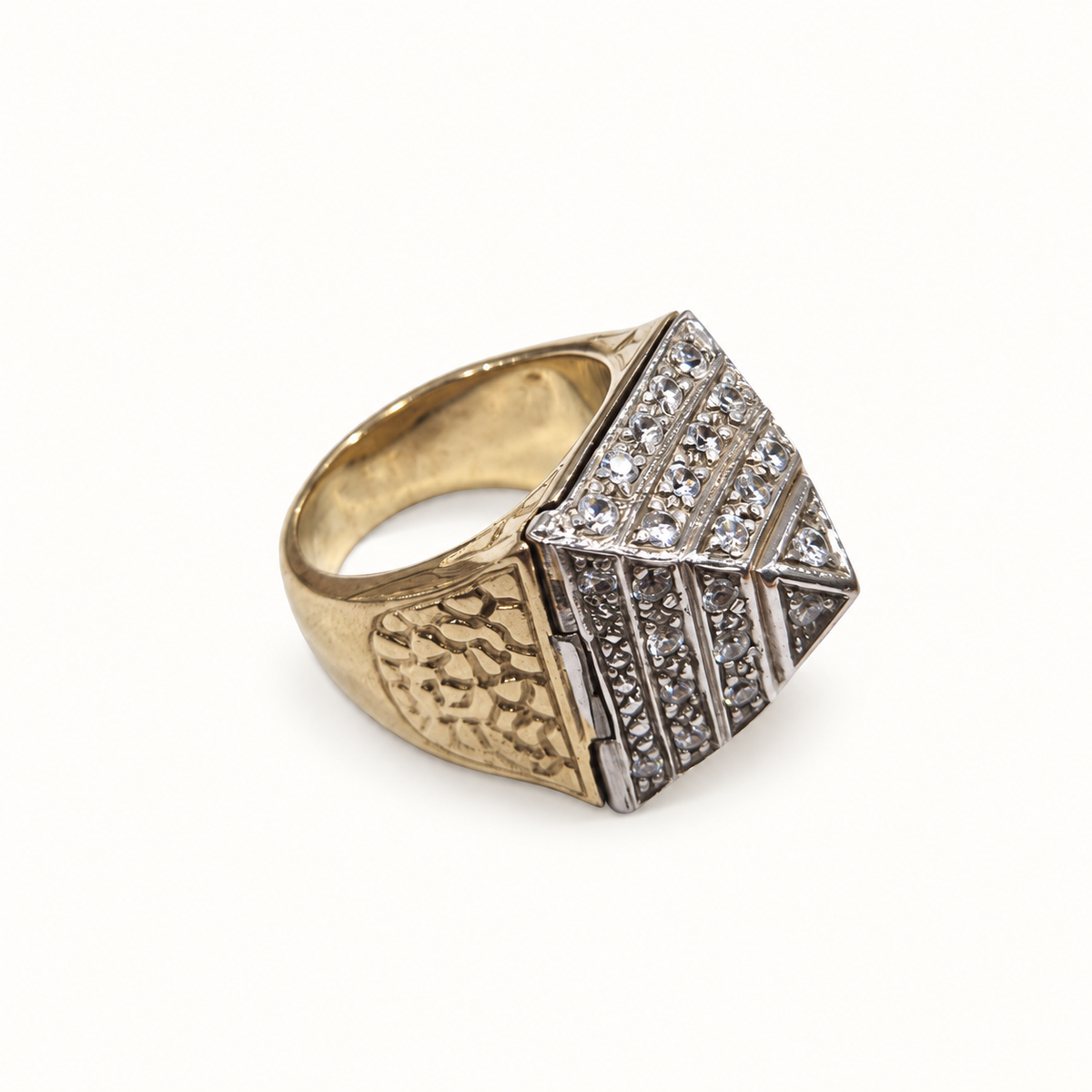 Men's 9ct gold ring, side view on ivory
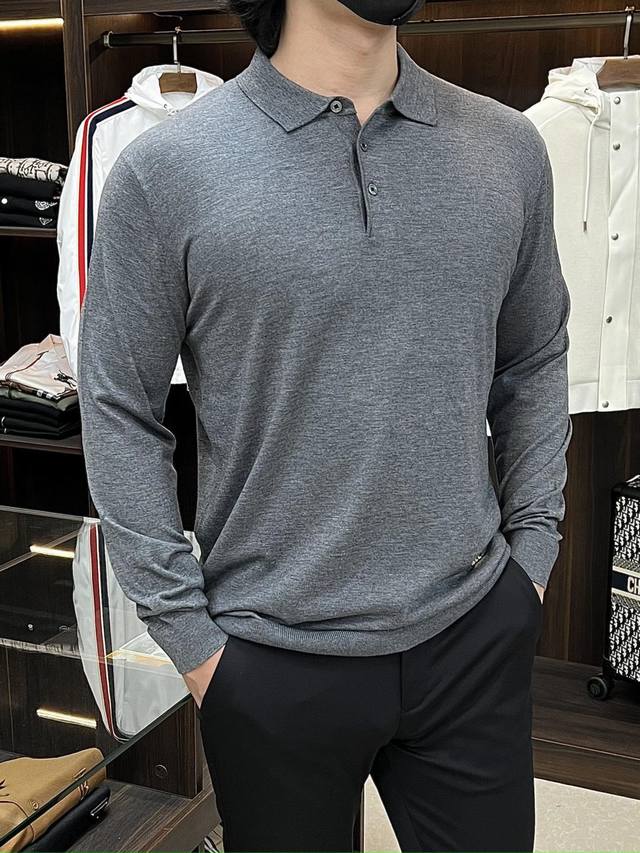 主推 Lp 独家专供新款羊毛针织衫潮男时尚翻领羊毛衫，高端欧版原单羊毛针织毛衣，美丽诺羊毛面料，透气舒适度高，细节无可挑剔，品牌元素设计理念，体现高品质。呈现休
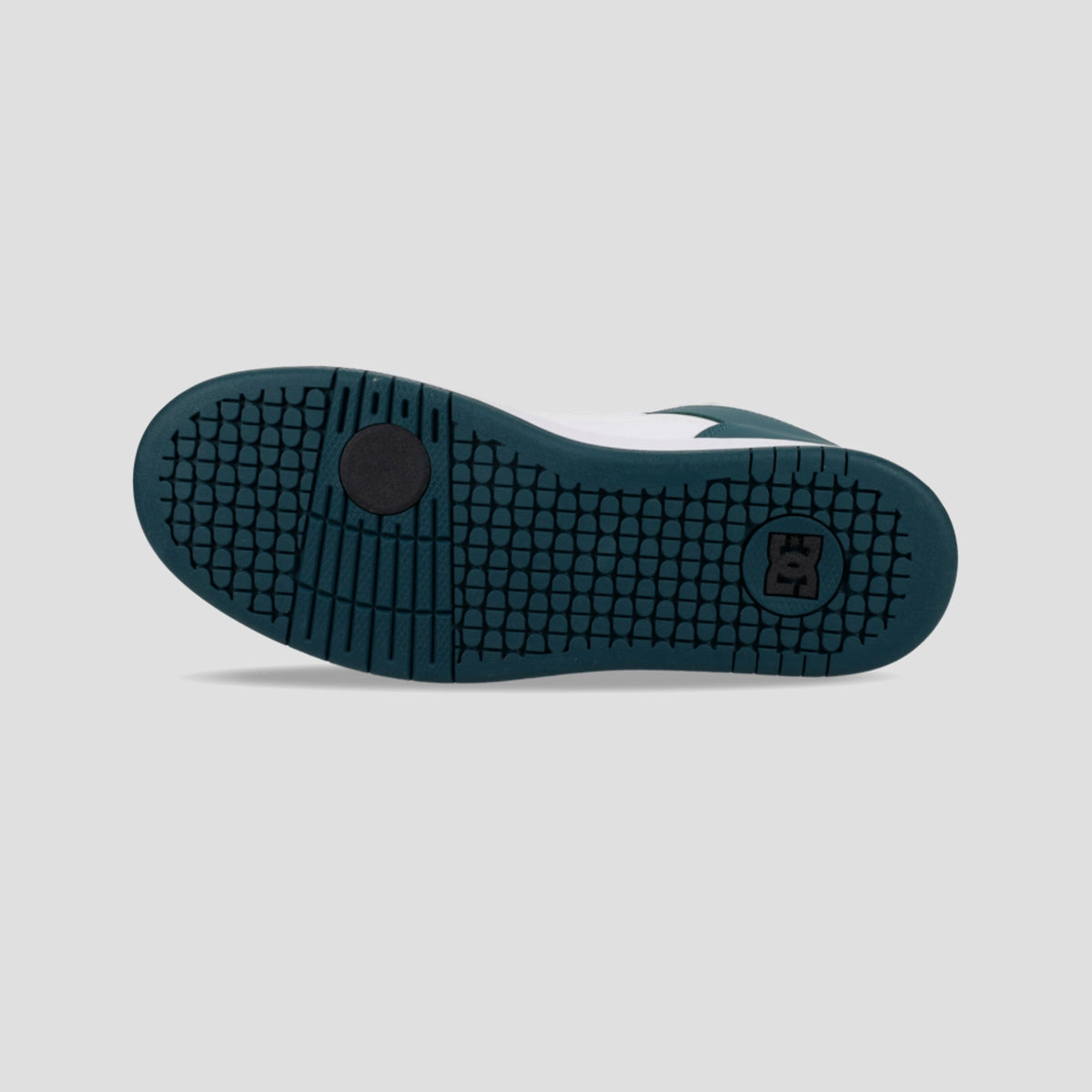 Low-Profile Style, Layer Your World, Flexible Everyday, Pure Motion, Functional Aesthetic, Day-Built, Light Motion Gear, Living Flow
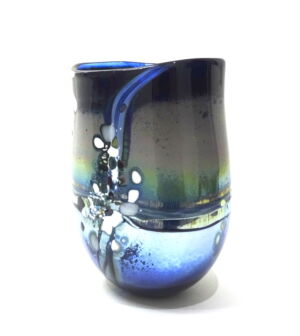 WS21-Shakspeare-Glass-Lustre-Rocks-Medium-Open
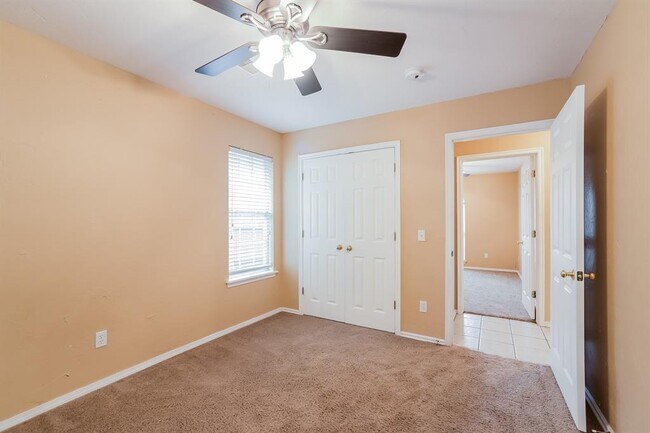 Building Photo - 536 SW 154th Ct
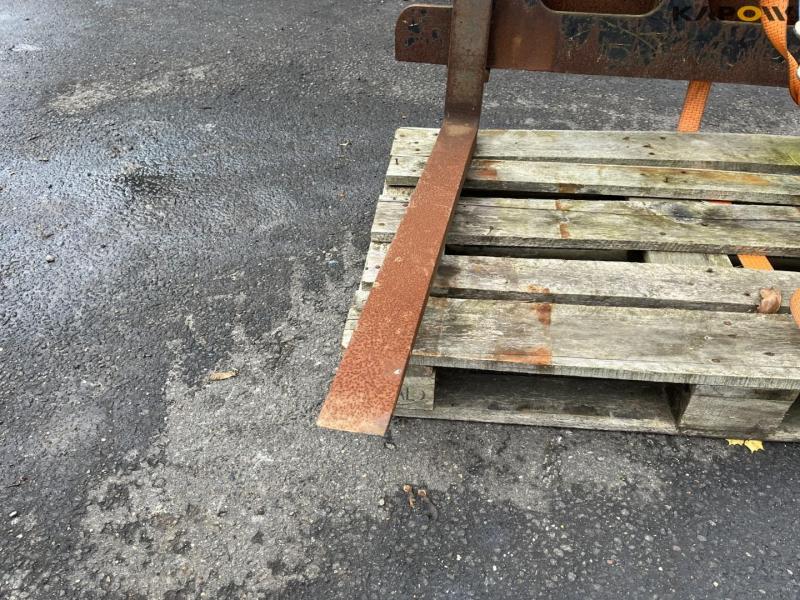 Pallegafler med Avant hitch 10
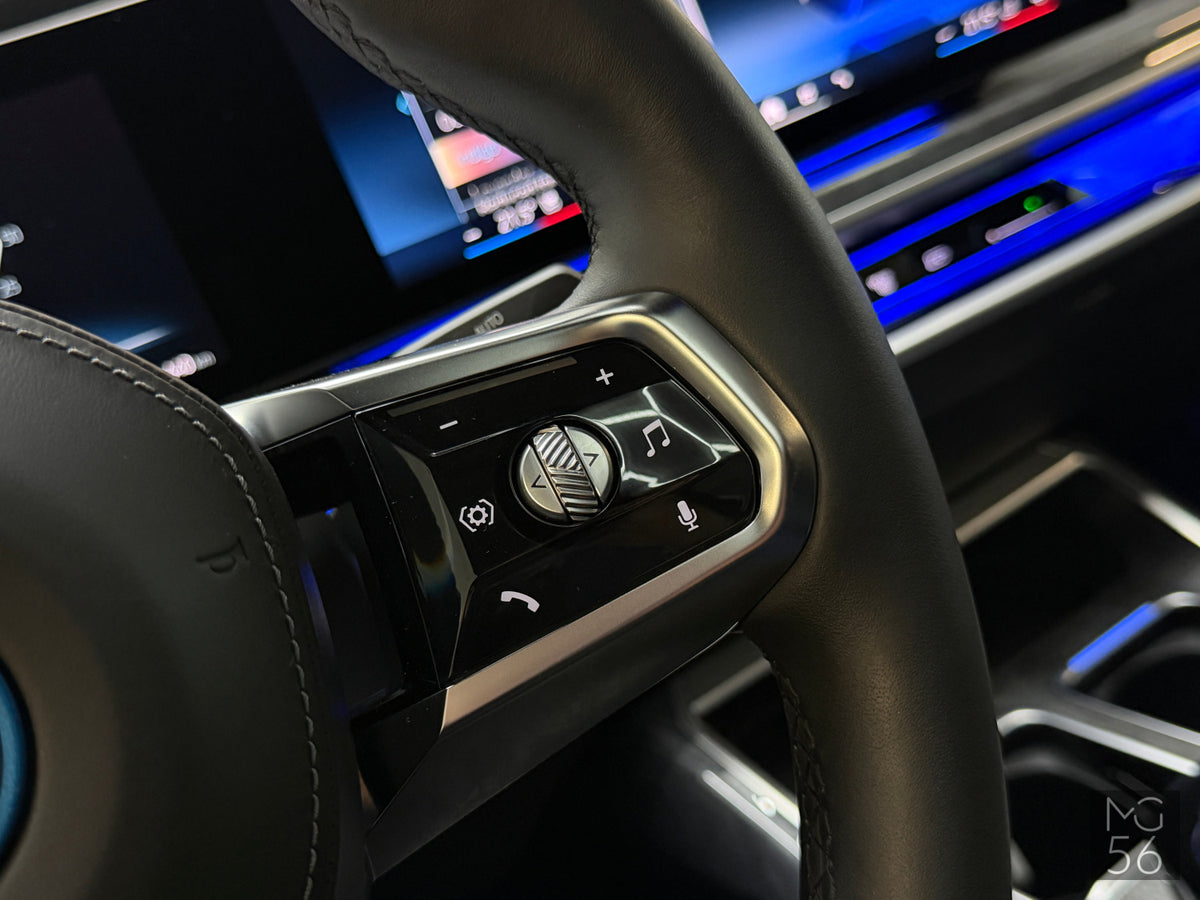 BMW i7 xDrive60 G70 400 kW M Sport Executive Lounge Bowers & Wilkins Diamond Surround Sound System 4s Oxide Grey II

WHAT NEEDS TO BE DONE ▸ With the images left out, output all the entries above exactly.

SOLUTION TO THIS PROBLEM ▸
 Men's 9ct gold ring, side view on ivory
 主推 Lp 独家专供新款羊毛针织衫潮男时尚翻领羊毛衫，高端欧版原单羊毛针织毛衣，美丽诺羊毛面料，透气舒适度高，细节无可挑剔，品牌元素设计理念，体现高品质。呈现休
 Low-Profile Style, Layer Your World, Flexible Everyday, Pure Motion, Functional Aesthetic, Day-Built, Light Motion Gear, Living Flow
 WS21-Shakspeare-Glass-Lustre-Rocks-Medium-Open
 Building Photo - 536 SW 154th Ct
 Pallegafler med Avant hitch 10
 BMW i7 xDrive60 G70 400 kW M Sport Executive Lounge Bowers & Wilkins Diamond Surround Sound System 4s Oxide Grey II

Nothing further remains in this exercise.